[Saved entries]
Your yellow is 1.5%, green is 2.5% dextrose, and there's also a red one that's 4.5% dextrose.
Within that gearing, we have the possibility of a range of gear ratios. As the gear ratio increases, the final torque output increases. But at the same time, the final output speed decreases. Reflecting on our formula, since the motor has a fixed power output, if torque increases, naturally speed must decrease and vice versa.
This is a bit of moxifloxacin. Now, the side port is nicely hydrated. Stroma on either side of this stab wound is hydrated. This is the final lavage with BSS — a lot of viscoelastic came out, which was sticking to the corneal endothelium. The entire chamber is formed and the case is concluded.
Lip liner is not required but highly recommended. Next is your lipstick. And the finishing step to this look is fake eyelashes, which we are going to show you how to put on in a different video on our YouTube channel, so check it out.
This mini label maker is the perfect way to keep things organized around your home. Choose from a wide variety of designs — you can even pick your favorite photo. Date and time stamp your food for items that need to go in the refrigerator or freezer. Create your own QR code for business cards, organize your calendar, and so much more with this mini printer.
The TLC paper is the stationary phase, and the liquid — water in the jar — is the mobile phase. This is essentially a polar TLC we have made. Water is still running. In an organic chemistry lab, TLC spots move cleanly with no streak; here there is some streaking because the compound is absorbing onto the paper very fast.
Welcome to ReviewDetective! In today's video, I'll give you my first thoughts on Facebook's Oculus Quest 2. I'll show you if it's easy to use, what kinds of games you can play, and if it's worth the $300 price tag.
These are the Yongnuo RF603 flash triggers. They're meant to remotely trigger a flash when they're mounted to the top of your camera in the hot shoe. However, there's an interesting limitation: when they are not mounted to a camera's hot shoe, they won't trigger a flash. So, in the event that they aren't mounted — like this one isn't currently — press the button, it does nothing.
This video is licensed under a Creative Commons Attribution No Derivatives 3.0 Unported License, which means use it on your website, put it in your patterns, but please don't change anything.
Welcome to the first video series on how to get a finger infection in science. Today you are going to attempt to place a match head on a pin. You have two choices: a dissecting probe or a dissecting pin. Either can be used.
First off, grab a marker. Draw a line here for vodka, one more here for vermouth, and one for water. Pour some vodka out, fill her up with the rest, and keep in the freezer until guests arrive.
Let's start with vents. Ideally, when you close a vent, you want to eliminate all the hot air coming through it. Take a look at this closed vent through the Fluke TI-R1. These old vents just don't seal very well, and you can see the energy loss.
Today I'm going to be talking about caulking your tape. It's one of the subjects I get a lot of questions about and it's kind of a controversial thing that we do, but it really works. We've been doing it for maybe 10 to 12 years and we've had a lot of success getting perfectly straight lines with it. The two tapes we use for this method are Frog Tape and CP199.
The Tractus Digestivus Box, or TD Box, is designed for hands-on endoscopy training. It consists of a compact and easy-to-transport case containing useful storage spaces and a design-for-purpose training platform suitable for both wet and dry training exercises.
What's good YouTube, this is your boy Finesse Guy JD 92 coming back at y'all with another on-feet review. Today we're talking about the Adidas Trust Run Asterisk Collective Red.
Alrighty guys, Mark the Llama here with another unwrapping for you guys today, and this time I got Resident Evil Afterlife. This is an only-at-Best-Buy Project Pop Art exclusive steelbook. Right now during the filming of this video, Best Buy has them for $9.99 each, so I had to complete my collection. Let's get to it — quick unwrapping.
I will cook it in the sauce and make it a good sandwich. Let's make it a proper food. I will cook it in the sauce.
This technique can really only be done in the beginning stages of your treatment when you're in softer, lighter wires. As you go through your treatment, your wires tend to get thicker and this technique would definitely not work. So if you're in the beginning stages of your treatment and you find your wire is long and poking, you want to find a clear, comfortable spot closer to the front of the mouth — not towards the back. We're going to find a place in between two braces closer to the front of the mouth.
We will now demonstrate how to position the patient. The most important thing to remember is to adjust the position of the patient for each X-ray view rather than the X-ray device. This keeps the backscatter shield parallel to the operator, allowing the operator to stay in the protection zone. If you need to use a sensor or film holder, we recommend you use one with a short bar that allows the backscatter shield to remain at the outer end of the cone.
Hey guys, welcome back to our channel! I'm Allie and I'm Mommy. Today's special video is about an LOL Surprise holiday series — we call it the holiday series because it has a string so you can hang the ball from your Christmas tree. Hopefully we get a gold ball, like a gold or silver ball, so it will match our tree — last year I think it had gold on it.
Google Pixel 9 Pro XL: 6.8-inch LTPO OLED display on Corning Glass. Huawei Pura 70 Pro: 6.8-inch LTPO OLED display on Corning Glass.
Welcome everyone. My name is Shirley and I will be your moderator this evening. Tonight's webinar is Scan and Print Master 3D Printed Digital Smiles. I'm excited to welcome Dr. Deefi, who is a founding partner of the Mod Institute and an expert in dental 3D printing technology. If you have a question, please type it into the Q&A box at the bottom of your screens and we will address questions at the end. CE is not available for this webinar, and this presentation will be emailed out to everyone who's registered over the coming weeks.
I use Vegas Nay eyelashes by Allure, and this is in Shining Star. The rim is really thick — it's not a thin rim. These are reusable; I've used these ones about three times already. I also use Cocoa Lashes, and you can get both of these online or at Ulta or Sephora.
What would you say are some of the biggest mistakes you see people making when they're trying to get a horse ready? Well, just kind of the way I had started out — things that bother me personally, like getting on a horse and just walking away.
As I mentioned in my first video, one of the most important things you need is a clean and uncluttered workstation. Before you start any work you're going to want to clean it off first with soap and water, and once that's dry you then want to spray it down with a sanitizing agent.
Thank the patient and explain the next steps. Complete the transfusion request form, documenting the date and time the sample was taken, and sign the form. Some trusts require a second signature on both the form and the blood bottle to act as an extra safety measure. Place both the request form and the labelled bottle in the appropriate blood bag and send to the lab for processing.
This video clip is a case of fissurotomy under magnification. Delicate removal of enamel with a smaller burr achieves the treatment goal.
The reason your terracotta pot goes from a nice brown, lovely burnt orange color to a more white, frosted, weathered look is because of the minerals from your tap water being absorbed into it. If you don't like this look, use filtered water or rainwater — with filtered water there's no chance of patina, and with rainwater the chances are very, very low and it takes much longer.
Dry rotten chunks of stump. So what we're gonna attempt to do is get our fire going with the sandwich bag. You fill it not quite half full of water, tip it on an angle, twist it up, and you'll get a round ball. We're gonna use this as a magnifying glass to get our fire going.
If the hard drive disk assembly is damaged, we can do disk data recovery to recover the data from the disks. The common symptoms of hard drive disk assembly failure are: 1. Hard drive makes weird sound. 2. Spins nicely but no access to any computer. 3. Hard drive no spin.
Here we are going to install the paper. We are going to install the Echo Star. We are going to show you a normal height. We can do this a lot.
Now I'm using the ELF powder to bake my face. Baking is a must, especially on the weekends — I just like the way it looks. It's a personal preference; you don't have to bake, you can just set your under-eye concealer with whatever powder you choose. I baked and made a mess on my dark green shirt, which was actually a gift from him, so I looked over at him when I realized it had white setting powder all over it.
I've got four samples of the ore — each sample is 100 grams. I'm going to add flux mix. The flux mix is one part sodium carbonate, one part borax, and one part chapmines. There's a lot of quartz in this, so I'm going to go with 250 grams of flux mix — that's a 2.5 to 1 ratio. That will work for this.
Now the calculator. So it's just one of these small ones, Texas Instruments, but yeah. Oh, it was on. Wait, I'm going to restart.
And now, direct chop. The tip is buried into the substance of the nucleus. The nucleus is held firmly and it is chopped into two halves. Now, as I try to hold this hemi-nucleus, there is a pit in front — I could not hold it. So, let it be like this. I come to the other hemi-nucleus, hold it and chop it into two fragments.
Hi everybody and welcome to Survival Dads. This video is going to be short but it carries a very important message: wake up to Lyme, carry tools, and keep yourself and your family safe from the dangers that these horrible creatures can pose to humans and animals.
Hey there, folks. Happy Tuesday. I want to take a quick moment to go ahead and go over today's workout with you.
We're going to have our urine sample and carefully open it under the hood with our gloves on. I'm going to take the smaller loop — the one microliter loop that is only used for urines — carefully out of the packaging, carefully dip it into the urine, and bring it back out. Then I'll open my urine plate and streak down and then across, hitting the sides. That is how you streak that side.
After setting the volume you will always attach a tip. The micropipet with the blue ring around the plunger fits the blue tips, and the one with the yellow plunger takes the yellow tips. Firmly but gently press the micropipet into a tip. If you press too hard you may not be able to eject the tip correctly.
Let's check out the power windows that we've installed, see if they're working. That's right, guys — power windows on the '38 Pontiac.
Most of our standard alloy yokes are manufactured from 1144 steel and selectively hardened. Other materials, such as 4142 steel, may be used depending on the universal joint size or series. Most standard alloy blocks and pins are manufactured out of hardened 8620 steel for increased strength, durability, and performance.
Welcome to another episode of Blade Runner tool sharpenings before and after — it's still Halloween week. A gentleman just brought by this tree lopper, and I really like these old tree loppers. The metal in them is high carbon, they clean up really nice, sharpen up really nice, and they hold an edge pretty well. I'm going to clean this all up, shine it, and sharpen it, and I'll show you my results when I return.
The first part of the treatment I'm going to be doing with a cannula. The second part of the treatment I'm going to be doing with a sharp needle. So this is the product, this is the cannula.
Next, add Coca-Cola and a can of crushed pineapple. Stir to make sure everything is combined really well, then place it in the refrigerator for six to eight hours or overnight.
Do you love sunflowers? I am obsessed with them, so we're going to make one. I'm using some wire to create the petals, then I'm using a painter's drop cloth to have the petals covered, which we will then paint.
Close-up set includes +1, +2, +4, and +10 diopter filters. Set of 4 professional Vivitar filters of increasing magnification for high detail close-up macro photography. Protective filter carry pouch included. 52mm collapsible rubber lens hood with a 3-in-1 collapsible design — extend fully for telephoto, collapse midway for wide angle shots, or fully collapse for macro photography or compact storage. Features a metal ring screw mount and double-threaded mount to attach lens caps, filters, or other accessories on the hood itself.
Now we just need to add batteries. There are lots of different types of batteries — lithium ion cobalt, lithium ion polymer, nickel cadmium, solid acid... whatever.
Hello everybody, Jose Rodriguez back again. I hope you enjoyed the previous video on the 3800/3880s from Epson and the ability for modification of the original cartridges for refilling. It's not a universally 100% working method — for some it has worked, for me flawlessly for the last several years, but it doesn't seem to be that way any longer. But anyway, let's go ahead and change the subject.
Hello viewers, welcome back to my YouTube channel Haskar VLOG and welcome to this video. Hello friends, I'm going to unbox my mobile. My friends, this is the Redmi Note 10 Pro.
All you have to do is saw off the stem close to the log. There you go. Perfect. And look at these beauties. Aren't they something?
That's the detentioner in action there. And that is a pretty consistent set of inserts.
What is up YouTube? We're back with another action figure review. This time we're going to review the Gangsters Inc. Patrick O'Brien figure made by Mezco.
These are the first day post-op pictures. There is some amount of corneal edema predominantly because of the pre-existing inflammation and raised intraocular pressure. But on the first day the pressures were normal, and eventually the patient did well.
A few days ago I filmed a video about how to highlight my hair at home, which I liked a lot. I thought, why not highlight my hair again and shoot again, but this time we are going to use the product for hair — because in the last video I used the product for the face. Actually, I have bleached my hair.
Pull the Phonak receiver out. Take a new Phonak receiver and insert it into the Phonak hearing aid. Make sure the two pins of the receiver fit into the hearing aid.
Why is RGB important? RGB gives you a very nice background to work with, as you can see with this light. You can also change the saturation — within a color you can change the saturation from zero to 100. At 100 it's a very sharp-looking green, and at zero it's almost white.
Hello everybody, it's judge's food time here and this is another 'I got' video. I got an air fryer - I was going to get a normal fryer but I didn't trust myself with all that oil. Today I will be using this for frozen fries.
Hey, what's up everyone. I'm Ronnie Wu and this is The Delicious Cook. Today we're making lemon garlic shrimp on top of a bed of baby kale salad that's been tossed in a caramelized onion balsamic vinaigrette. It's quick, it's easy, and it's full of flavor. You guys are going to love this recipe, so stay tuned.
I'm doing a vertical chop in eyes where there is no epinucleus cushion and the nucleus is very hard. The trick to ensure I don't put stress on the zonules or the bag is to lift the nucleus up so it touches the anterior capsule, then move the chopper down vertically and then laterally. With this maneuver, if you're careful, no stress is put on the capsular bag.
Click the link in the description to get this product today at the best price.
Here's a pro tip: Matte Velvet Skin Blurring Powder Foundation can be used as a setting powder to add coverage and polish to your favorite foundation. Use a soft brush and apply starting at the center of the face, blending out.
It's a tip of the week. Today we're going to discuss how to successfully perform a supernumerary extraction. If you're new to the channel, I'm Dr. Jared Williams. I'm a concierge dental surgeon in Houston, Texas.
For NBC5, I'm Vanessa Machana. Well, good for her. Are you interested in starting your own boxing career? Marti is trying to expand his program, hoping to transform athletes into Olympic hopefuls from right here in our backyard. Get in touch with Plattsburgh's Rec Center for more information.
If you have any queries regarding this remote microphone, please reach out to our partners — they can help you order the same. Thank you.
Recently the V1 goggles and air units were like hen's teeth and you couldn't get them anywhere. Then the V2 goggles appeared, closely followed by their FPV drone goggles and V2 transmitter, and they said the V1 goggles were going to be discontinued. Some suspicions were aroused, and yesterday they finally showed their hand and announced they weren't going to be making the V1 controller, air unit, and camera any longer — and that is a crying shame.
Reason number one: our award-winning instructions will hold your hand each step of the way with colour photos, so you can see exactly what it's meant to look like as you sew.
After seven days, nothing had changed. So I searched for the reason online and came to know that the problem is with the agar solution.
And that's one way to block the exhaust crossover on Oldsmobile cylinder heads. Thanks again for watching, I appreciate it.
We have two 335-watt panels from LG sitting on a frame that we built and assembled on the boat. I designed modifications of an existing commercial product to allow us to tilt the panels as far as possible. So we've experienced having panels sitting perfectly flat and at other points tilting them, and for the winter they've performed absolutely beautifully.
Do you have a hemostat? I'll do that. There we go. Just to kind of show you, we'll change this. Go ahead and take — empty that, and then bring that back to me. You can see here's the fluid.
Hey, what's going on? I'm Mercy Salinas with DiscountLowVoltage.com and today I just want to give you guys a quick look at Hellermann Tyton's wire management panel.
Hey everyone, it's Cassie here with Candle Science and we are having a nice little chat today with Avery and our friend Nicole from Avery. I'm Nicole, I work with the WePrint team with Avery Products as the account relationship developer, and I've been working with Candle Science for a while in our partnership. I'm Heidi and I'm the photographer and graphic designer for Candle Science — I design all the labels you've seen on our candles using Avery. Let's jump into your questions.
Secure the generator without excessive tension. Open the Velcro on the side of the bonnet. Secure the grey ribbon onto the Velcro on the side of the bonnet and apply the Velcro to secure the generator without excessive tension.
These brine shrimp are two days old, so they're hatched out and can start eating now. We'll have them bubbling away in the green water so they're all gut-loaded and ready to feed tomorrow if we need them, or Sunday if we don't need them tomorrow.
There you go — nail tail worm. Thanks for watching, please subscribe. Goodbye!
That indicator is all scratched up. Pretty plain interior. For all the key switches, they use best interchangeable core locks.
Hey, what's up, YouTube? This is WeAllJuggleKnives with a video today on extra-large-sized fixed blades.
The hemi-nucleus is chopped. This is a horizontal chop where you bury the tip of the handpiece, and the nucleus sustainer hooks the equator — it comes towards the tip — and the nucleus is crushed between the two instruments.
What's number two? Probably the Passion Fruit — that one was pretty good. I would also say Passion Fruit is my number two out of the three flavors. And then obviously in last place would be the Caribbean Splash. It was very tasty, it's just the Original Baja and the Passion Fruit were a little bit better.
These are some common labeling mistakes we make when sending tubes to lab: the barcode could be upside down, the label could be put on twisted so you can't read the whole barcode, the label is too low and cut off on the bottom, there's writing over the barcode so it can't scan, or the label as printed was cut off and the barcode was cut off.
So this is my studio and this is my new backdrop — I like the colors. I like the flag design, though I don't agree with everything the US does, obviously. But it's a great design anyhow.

▶ [Requirement] Your answer should consist solely of the lines above from the line with "Hey there, folks." to the line with "Let's check out", both included, reproduced exactly.

▶ [Exercise result]
Hey there, folks. Happy Tuesday. I want to take a quick moment to go ahead and go over today's workout with you.
We're going to have our urine sample and carefully open it under the hood with our gloves on. I'm going to take the smaller loop — the one microliter loop that is only used for urines — carefully out of the packaging, carefully dip it into the urine, and bring it back out. Then I'll open my urine plate and streak down and then across, hitting the sides. That is how you streak that side.
After setting the volume you will always attach a tip. The micropipet with the blue ring around the plunger fits the blue tips, and the one with the yellow plunger takes the yellow tips. Firmly but gently press the micropipet into a tip. If you press too hard you may not be able to eject the tip correctly.
Let's check out the power windows that we've installed, see if they're working. That's right, guys — power windows on the '38 Pontiac.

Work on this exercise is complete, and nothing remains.